Notes from a 2nd meeting between Maria Dimou, Dave Kelsey (part-time), Wim van Leersum, Ian Neilson, Nick Ziogas on 2004-05-19. This is a follow-up of the 2004-04-22 meeting and the one with the PIE specialists of 2004-04-30.
In this meeting we discussed with the technical responsibles of the new CCDB project, now called Computing Resources Admin (CRA) possibilities for our LCG User Registration tools to read-in/link-to the necessary Personal information from CERN HR db (generic name adopted in sub-sequent discussions: ORGDB, for ORGanisational DB) for new candidate LCG users. We explained that the LCG Virtual Organisation Data Base (VODB) must contain Personal information, i.e. Authentication (AuthN) data and Grid access Authorization (AuthZ) data for every user.
The AuthZ data can only be entered and maintained in VODB. The AuthN data can be only present in ORGDB. Open questions at the time of the meeting:
Nick sent by email straight after the meeting the following proposal that
keeps the VO manager as the mail data validator and minimises automation of
the process to join the VO:
- After discussion with all VOs a common interface is elaborated and agreed,
with a min amount of checks, that all VOs will have to use to enter personal
data.
- At data entry, the interface sends a request to the "ORGDB"s
of specific or all ORGs and a best effort match is done at the "ORG".
Data is sent back and the data entry clerk or manager chooses from the list
(s)
or rejects them and enters the person manually
- This mechanism is also available in batch mode. It can run regularly but
it means that someone will have to go though the matched data and sort it
out.
It could run once to 'clean' and validate the data.
It is not ideal as it requires manual intervention but then again if people
do not want to follow specific procedures they won't automatically get the
benefits.

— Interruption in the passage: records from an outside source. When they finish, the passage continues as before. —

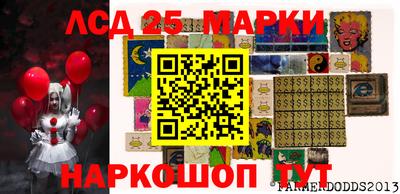 альфа пвп Ливны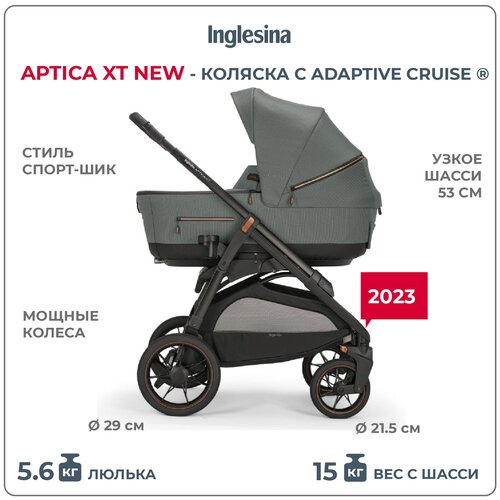 фото Коляска 3 в 1 inglesina aptica xt new с подставкой под люльку stand up taiga green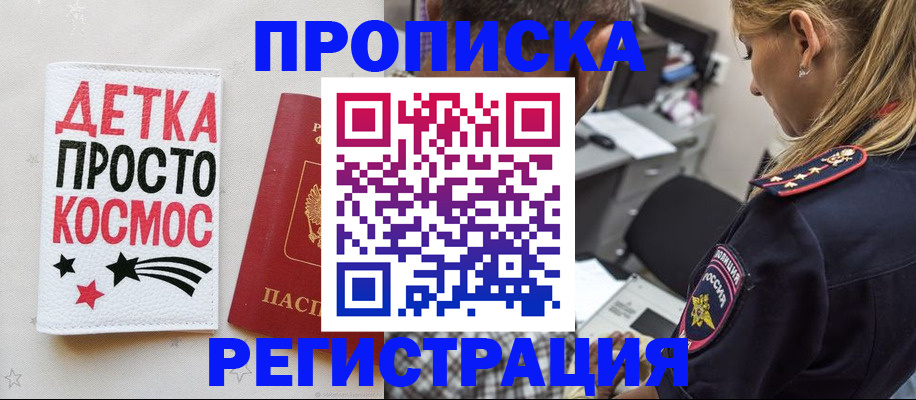 пропишу в квартире в Одинцово
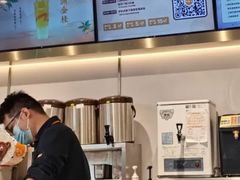 -CoCo都可(中华广场店)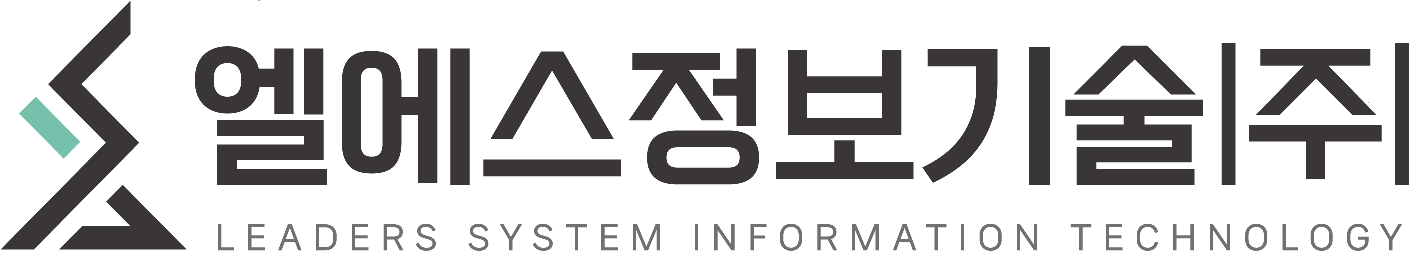 엘에스정보기술㈜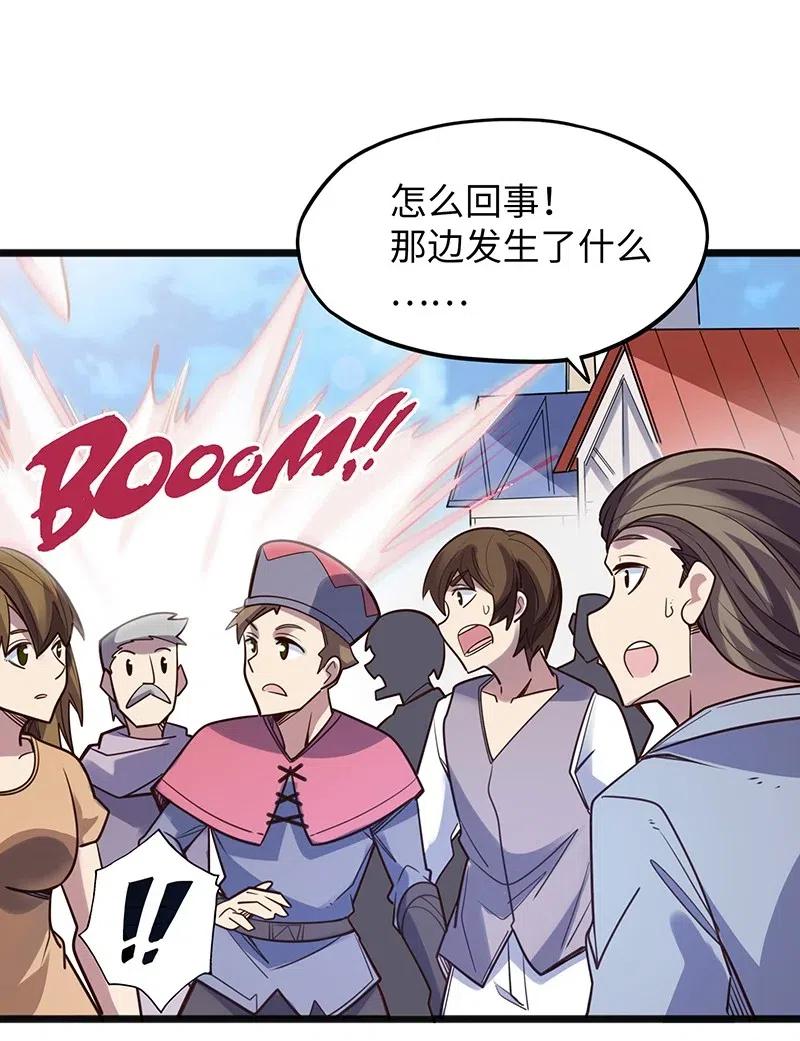 《魔王法则 女巫之绊》054 淘气的女孩子胸部长不大 第31页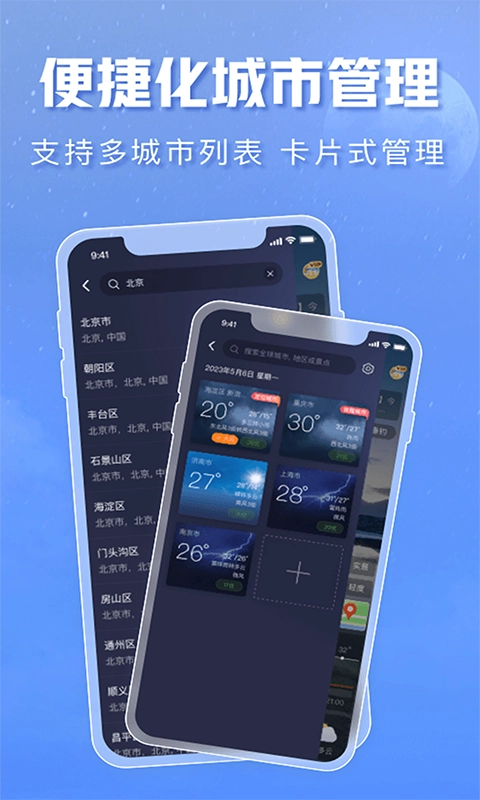 天气通最新版(2)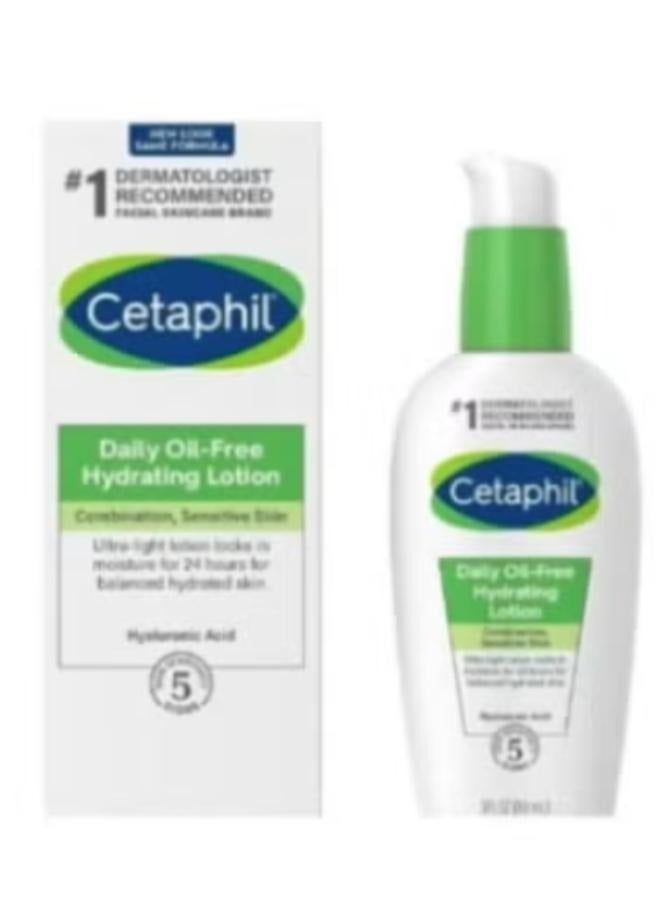 سيتافيل لوشن مرطب يومي مع حمض الهيالورونيك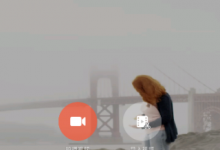 教你美拍大师app给图片去水印的图文步骤。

If the do not want to end with unmanageable systems 2 years from now
they must
be prepared to do the manual work.
In response to Maria's question: "How many records per LHC experiment can be retrieved in ORGDB?" Wim sent the numbers by email.
Wim's comment to these notes sent on 2004-06-15:
I would like to stress that the choice of how to link the databases should
depend on the number of overlaps. If 95% of the population already exists in
HR, I
would ask the experiment secretariats to enter the remaining 5% as well through
PIE, thus ensuring coherency. If it's only 50%, it may not be worth forcing
them to use PIE, and you could just take a copy of what we have and develop
your own tools to add the other half. However, if a person is entered that
way and later comes to CERN and gets registered through PIE as well, you may
end up with duplicates, because matching two persons with all the possibilities
of data entry mistakes is quite difficult. For that reason we do have a duplicate
checker which is invoked every time a person is entered in PIE, which is based
on statistics, and which is very difficult to maintain and tune.
Maria Dimou, IT/GD, Grid Infrastructure Services